Cross-Process Spectre Exploitation

> The overwhelming majority of software authors are unconcerned about cross-process Spectre attacks, indicated by the fact that none of them enable IBPB. The only exception I've seen is Google Chrome.

As expected, Google goes the extra mile again to keep their users safe.

I believe Chrome is also the only software that enables certain mitigations such as ProcessSystemCallDisablePolicy on Windows and NO_SMT and TECS on macOS [1]. I wonder if some of these OS features have been implemented at Google's request.

However, in the case of Spectre, I think the OS should try to prevent exploitation rather than end programs, with a user-facing toggle to disable mitigations per-program for compatibility reasons.

[1] https://www.malwarebytes.com/blog/news/2021/08/macos-11s-hid...

misleading as chrome has recently gone to the trouble of removing adblock from their browser at a plumbing level, opening users up to malicious advertisements and trackers in search of google ad revenue. do not use chrome for the love of god.

On the note of OS mitigations, I've been thinking that a heavy-handed but possibly necessary (at least for highly untrusted programs) approach is to trample all over a process' cache and other relevant microarchitectural affordances whenever the process is entered.

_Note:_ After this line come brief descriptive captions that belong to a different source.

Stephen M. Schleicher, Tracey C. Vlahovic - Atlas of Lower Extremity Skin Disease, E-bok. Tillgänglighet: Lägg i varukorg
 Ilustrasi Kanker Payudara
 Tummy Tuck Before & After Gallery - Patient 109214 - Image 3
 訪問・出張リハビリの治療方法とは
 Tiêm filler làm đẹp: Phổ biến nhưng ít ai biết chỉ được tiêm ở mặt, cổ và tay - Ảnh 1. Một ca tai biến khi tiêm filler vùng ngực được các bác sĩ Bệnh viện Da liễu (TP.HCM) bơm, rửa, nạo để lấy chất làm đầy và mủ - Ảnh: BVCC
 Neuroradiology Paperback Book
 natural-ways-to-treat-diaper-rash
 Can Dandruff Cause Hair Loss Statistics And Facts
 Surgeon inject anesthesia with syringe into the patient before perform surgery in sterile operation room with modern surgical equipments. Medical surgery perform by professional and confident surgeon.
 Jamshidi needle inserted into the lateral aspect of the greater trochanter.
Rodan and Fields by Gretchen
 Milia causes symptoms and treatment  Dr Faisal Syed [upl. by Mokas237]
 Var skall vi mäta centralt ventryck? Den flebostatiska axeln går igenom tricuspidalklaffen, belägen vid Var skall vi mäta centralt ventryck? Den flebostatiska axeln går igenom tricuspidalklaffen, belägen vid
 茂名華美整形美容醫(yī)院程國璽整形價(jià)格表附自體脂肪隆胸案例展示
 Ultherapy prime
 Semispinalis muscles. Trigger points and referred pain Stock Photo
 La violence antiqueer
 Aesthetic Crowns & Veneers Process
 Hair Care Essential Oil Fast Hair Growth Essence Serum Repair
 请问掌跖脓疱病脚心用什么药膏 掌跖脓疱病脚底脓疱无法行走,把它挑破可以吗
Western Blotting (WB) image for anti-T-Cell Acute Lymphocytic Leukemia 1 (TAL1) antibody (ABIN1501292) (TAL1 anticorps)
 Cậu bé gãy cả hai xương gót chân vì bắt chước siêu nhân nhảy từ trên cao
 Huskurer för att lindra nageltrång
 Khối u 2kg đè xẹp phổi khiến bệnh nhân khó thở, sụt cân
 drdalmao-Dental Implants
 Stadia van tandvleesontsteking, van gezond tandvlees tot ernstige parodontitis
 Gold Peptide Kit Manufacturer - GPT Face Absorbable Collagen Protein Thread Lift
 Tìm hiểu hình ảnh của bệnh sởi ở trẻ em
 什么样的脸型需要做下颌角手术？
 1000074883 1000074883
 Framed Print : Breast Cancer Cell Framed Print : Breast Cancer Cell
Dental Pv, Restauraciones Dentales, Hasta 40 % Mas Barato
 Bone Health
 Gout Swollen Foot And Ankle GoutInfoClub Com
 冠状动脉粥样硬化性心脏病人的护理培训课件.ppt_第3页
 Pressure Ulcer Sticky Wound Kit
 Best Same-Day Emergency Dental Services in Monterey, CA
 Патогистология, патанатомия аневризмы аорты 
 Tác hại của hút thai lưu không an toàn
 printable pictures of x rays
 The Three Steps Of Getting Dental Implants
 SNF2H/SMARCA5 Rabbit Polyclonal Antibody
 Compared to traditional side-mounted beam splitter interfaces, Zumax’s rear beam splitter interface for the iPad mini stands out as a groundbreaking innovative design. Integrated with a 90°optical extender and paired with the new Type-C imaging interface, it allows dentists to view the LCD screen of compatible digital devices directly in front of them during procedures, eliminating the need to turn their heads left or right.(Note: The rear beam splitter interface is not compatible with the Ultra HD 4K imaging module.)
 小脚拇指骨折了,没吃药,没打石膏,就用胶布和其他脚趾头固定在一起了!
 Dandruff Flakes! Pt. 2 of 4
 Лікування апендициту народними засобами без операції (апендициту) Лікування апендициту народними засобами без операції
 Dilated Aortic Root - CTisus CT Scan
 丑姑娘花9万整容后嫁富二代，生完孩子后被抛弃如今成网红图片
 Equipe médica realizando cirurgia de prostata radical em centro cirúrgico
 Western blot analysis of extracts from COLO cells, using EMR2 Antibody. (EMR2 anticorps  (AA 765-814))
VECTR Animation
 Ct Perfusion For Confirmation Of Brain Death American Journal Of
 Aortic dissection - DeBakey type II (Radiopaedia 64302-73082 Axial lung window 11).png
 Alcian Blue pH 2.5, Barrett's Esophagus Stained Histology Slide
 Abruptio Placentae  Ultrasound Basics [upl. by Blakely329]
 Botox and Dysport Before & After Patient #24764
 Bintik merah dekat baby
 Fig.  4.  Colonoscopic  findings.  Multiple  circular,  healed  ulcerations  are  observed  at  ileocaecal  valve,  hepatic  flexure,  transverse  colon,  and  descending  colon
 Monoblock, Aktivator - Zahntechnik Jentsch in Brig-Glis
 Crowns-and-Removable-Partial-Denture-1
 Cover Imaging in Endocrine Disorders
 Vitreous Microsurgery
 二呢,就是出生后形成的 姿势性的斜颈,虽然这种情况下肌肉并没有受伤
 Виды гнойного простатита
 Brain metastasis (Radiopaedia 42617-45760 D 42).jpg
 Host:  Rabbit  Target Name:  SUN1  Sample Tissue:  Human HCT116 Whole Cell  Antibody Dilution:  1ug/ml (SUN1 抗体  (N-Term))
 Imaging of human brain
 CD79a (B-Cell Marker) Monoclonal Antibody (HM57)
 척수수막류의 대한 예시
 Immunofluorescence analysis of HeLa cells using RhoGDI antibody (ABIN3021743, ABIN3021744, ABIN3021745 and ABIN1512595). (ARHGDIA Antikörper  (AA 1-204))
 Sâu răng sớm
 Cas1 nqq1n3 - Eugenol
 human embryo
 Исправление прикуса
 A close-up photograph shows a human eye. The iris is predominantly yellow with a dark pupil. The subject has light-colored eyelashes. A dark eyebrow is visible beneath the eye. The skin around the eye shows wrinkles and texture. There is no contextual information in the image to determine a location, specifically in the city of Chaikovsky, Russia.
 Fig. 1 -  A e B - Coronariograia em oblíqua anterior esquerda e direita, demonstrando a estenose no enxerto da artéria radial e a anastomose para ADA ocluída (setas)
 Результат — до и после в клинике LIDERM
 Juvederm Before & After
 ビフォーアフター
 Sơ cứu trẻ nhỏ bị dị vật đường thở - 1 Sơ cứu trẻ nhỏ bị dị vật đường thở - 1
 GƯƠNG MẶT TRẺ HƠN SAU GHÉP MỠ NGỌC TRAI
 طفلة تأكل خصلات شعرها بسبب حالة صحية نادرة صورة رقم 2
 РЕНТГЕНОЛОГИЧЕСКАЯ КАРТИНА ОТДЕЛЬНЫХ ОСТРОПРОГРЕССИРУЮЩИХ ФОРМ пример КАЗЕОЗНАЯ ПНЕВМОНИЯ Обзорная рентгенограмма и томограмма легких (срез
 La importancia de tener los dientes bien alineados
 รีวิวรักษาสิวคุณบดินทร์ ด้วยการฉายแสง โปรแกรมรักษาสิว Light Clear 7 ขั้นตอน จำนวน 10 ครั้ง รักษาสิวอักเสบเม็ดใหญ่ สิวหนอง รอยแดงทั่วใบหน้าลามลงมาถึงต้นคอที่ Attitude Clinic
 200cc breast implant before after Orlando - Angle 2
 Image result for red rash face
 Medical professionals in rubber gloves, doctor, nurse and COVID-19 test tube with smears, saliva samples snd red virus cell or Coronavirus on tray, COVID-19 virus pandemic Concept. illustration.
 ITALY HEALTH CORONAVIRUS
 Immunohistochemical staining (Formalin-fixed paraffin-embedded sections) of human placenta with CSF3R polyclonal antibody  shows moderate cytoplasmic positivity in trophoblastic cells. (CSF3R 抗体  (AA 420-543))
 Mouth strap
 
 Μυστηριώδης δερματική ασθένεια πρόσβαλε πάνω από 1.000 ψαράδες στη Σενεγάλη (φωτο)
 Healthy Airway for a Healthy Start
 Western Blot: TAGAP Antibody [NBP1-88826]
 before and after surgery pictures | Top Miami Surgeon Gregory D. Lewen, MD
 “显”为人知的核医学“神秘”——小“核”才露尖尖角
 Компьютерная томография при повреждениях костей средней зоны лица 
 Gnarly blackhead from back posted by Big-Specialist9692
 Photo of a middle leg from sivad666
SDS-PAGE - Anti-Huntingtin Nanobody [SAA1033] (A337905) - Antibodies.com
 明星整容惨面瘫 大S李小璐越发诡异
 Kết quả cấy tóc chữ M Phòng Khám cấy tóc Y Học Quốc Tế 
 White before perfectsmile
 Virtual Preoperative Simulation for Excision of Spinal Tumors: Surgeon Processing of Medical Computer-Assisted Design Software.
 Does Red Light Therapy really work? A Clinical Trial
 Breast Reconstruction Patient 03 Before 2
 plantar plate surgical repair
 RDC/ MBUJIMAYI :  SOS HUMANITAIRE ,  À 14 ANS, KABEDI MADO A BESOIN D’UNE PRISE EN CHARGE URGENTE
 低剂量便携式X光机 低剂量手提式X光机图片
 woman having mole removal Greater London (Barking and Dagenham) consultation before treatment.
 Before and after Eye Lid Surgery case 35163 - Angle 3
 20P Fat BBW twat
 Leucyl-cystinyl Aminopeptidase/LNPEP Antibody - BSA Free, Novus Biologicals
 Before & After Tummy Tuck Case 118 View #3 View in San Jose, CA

Then it should prevent a wide range of attacks, including those unknown until now. A more targeted method is messing up, say, branch predictor state when a process is being exited (i.e. preempted). I find that less intuitively reassuring, but it would reduce performance impact. In any case, I don't find techniques like retpolines or Intel IBRS plausible in the general case, so I'm inclined to go scorched earth. Not that it would likely be popular with the performance cost.

WebKit definitely uses those, search the codebase for "TCSM". I would assume that the Chrome people either worked with Apple on it, or they reversed it from what WebKit was doing.